Wings
Joseph G. Kunkel
joe at bio.umass.edu
Fri Sep 11 07:24:44 EDT 1998
Richard Hall wrote:
>
> Mark Walker wrote:
> >
> > Rikki Hall has posted a fascinating account of Brodsky's hypothesis on
> > insect wing evolution, and I must admit that it was interesting reading. I
> > don't think it provides any insight as to why or how the ancestors would
> > have evolved down the metamorphosis path to get there.
>
> As far as metamorphosis goes, it is just a special case of the basic
> skin-shedding process that all arthopods go through in order to grow
> larger. Mayflies experience "incomplete metamorphosis", wherein the
> larval stages resemble the adult, while butterflies experience "complete
> metamorphosis", wherein pupation results in a dramatically different
> form.
> (snip>
> They may not be as colorful as Leps, but aquatic insects are way cool.
>
> Rikki Hall
I think that the most enigmatic evolutionary step is the evolution of
the maggot/caterpillar stage.

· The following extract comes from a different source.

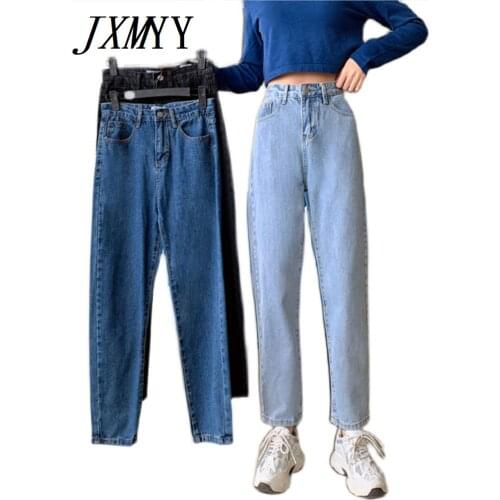 Womens High Waist Jeans Straight Leg Jeans Bottom Retro Streetwear Fashion Plus Size Ladies Dress Blue Black Spring 2021 4XL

The pupa is like a little adult
shrink-wrapped in its cuticle and having all the parts of the adult but
not yet expanded or freed up. It is the larva with its primitive or
absent legs that amazes me.
I support a theory born of my interest in insect serum proteins that
agrees with an old thory of Hinton who suggested that the larval stages
of the caterpillar/maggot are actually derived from the embryonic
molting stages. The last embryonic molting cycle or rather the last
stadium in the egg would correspond to the pupa (Thus, a cockroach egg
has the preformed appearance of a pupa just before it hatches.). The
earlier embryonic stadia do not have legs yet but do have a cuticle that
is much thiner and larval-like. Also, Vince Dethier told me that most
maggot/larva are very depauperate in sensory organs. The moth
caterpillar has only 5 taste sensilla for instance while an adult fly
has orders of magnitude more. Looking at the egg stages the sensillae
of cockroaches develop in the next to last embryonic molt (the last
being hatching). Thus the cockroach has a pseudo maggot stage that
changes to a pseudo-pupa just at that last embryonic molting cycle.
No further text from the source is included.